The London-based lender should be prepared to pay even more: Aviva is sure to have many suitors. While the company had a difficult run in Asia, a buyer with more regional presence could better navigate the regulatory hurdles of a fractured market. The bulk of Aviva’s Asian assets are in Singapore, where a large pool of affluent residents has helped gross written premiums rise 13% per year industry-wide, according to Bain & Co. Aviva has 885,000 customers in the Southeast Asian country and was the sixth-largest insurer in Singapore last year – ahead of HSBC. The company accounted for 4.2% of the city-state’s insurance assets in 2018, says Bloomberg Intelligence analyst Steven Lam.
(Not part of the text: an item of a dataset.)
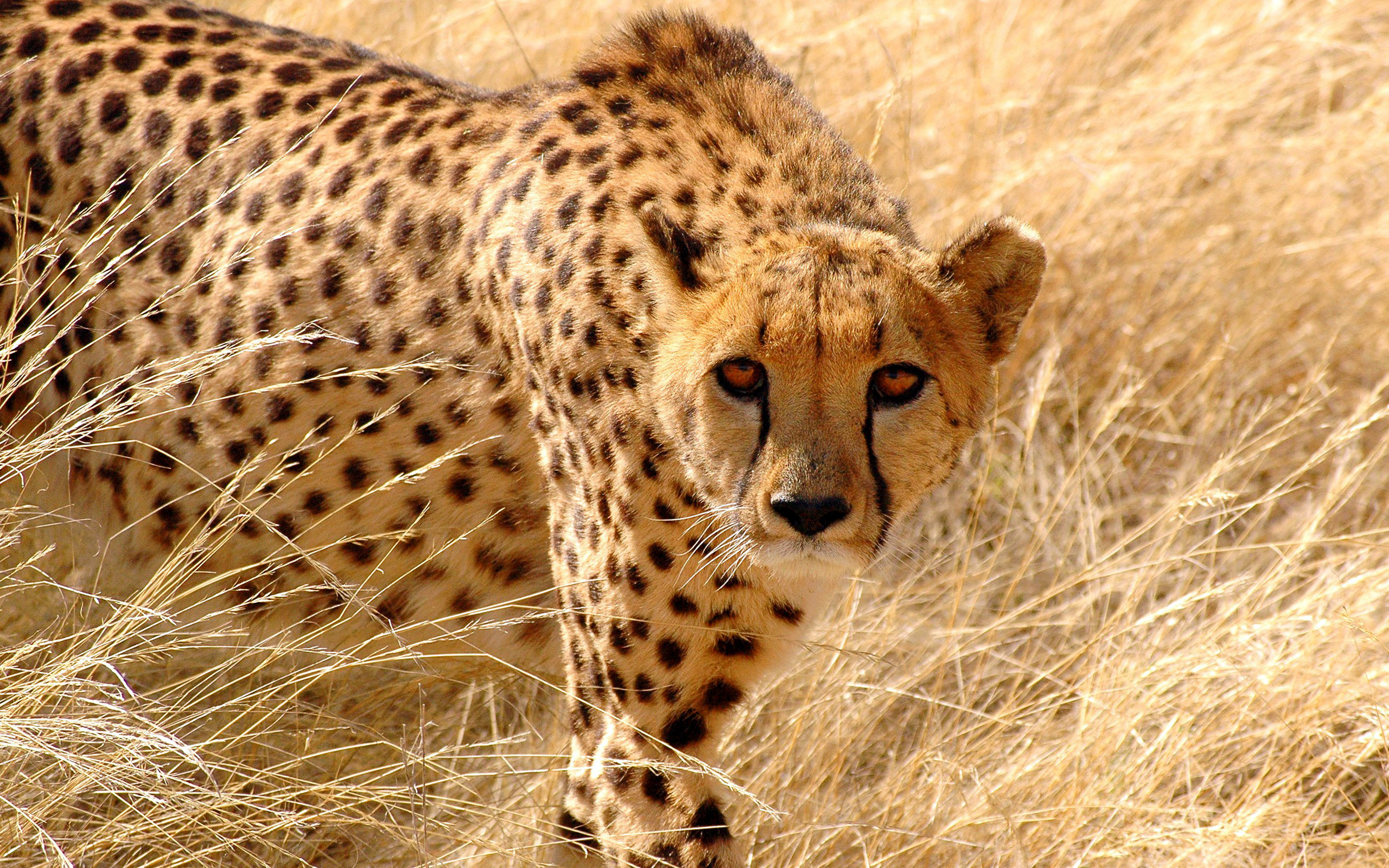 Africa Cheetah Wallpaper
A rare, large asset like Aviva is bound to pique the interest of FWD Group Ltd., which Hong Kong billionaire Richard Li built from the ashes of Dutch insurer ING Groep NV’s Asian businesses. FWD, widely believed to be preparing for an initial public offering, has been busy buying assets: Late last year, it snapped up an 80% stake in Commonwealth Bank of Australia’s Indonesian life insurance arm for A$426 million ($302 million).

The Japanese, meanwhile, have been avid acquirers of Southeast Asian insurance assets for years, as low growth and negative bond yields at home crimp the savings of its aging population. Just this week, Japan's Taiyo Life Insurance Co. said it will buy 35% of Myanmar's Capital Life Insurance Ltd. Tokio Marine Holdings Inc. bought the Thai and Indonesian businesses of Sydney-based Insurance Australia Group Ltd. for about A$525 million ($355 million) last year, and has been open about its Southeast Asian ambitions.

It makes sense that HSBC is eager to jump in: Its chairman, Mark Tucker, is an insurance supremo, having run AIA Group Ltd. and Prudential Plc previously. The recent protests in Hong Kong are pressuring the bank, which gets more than half of its pretax profit from the former British colony, to diversify, as other firms with big bases in the city have done. On Thursday, HSBC broke its silence and called for a peaceful resolution to the tensions in a newspaper ad.

With the midpoint of the $3 billion to $4 billion price range amounting to 22 times Aviva's 2018 adjusted operating profit, these jewels aren’t coming cheap. That’s the same level at which AIA, Asia’s biggest insurer, trades. Bidders should prepare for a price war.



Copyright Bloomberg News

spud

spud
03/9/2019
10:45
Every company with a falling share price is getting these tips now.

Makes you think - Last BS before market collapse?

sentimentrules
03/9/2019
10:42
Tipped as possible takeover target -
davebowler
03/9/2019
08:36
Now the trolls have gone, I have to admit this is the biggest drag on my portfolio.
uppompeii
02/9/2019
13:55
14p on a March 340p put would provide immediate income and an assignment net cost of 326p. Watching.